* [Assigned task]:
Please give the data again in full, exactly as provided.

* [Records to use]:

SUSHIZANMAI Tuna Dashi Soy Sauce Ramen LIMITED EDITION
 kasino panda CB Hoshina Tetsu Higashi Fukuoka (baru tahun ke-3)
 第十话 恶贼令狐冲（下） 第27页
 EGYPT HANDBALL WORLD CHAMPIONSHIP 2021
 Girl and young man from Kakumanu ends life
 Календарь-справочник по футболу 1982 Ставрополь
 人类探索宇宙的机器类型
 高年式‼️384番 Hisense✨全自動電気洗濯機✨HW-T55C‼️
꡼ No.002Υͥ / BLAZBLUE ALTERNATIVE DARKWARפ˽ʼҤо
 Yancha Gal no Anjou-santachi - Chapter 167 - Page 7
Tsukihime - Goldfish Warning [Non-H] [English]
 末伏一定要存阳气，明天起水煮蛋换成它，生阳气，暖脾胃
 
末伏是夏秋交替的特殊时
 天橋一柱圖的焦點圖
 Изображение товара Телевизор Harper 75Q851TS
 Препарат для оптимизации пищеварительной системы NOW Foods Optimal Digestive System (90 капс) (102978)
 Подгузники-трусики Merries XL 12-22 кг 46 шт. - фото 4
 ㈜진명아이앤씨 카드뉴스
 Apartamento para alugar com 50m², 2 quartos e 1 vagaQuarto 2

* [Exercise solution]:
SUSHIZANMAI Tuna Dashi Soy Sauce Ramen LIMITED EDITION
 kasino panda CB Hoshina Tetsu Higashi Fukuoka (baru tahun ke-3)
 第十话 恶贼令狐冲（下） 第27页
 EGYPT HANDBALL WORLD CHAMPIONSHIP 2021
 Girl and young man from Kakumanu ends life
 Календарь-справочник по футболу 1982 Ставрополь
 人类探索宇宙的机器类型
 高年式‼️384番 Hisense✨全自動電気洗濯機✨HW-T55C‼️
꡼ No.002Υͥ / BLAZBLUE ALTERNATIVE DARKWARפ˽ʼҤо
 Yancha Gal no Anjou-santachi - Chapter 167 - Page 7
Tsukihime - Goldfish Warning [Non-H] [English]
 末伏一定要存阳气，明天起水煮蛋换成它，生阳气，暖脾胃
 
末伏是夏秋交替的特殊时
 天橋一柱圖的焦點圖
 Изображение товара Телевизор Harper 75Q851TS
 Препарат для оптимизации пищеварительной системы NOW Foods Optimal Digestive System (90 капс) (102978)
 Подгузники-трусики Merries XL 12-22 кг 46 шт. - фото 4
 ㈜진명아이앤씨 카드뉴스
 Apartamento para alugar com 50m², 2 quartos e 1 vagaQuarto 2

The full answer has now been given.